## Work order
Your output must be the lines below from the line containing "Men’s Full Zip" to the line containing "Argos Home Petal", both lines included, reproduced exactly and without pictures.

## Supplied material

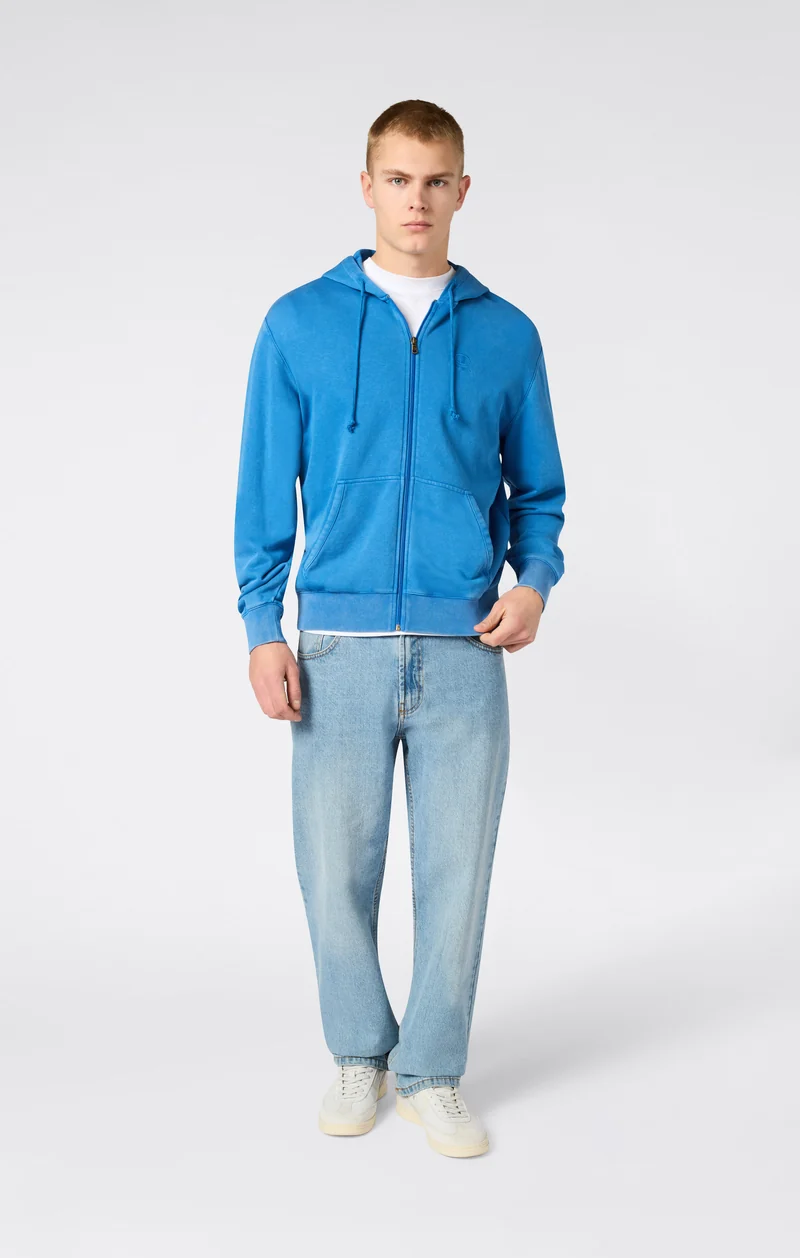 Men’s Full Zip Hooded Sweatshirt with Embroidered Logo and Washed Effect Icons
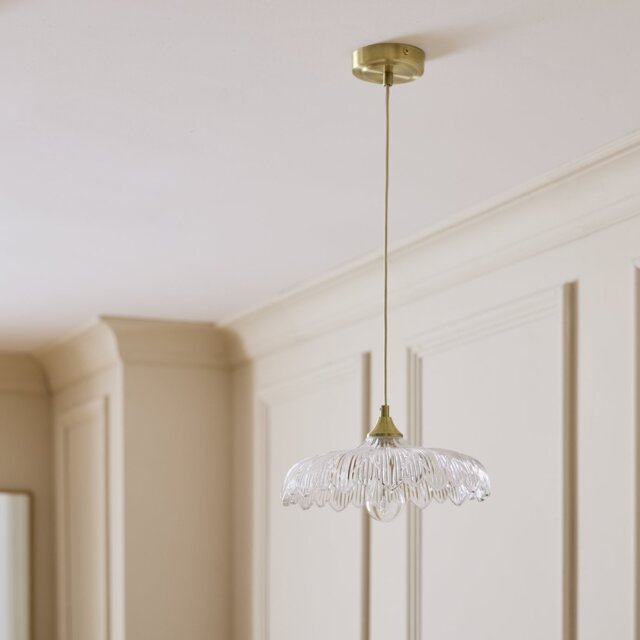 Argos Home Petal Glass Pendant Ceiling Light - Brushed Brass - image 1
--
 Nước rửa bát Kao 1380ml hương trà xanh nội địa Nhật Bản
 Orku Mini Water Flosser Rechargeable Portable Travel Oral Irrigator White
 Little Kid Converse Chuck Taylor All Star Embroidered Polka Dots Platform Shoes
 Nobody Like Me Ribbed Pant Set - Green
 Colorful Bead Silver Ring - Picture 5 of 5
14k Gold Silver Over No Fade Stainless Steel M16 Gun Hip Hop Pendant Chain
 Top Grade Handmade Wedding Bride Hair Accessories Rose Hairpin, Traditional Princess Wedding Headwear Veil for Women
==
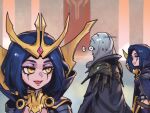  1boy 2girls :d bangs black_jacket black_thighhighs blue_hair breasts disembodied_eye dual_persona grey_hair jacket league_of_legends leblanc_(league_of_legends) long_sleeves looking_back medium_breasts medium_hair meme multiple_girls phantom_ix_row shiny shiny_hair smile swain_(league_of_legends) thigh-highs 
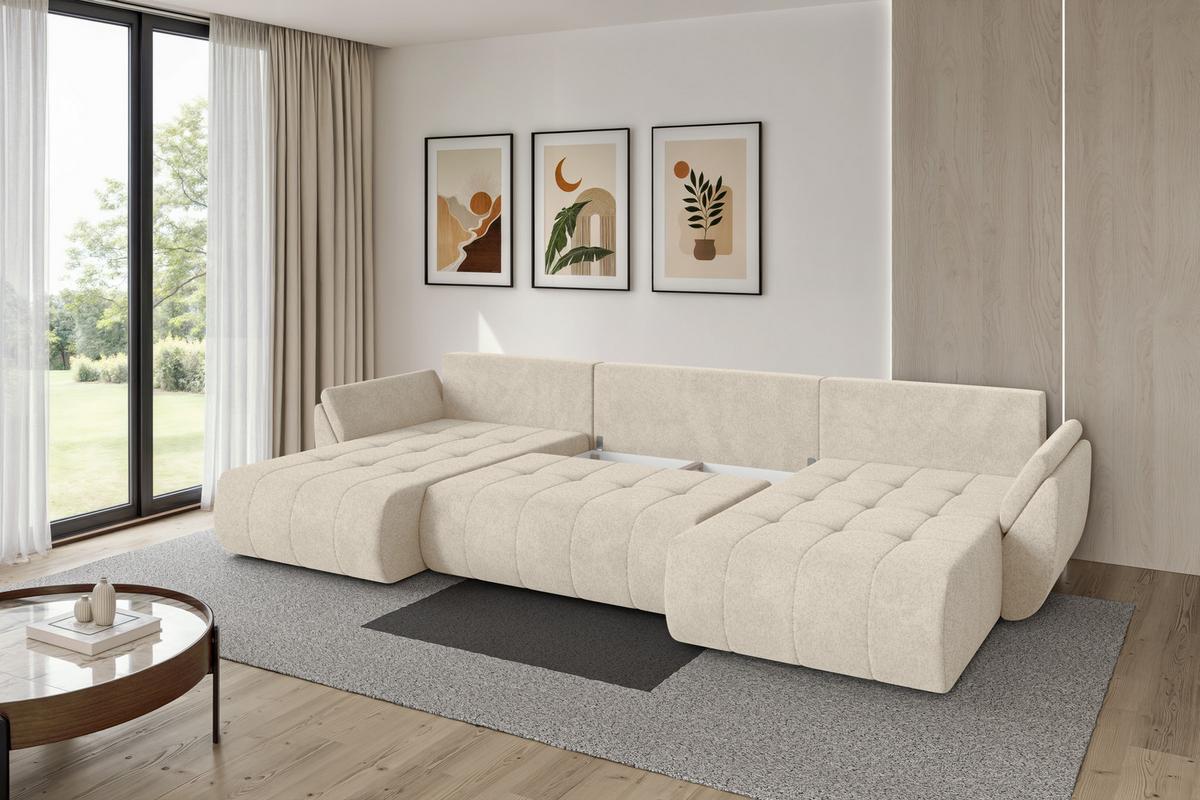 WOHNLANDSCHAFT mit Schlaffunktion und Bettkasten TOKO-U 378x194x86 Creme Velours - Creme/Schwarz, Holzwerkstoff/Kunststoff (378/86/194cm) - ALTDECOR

## Your solution
 Men’s Full Zip Hooded Sweatshirt with Embroidered Logo and Washed Effect Icons
 Argos Home Petal Glass Pendant Ceiling Light - Brushed Brass - image 1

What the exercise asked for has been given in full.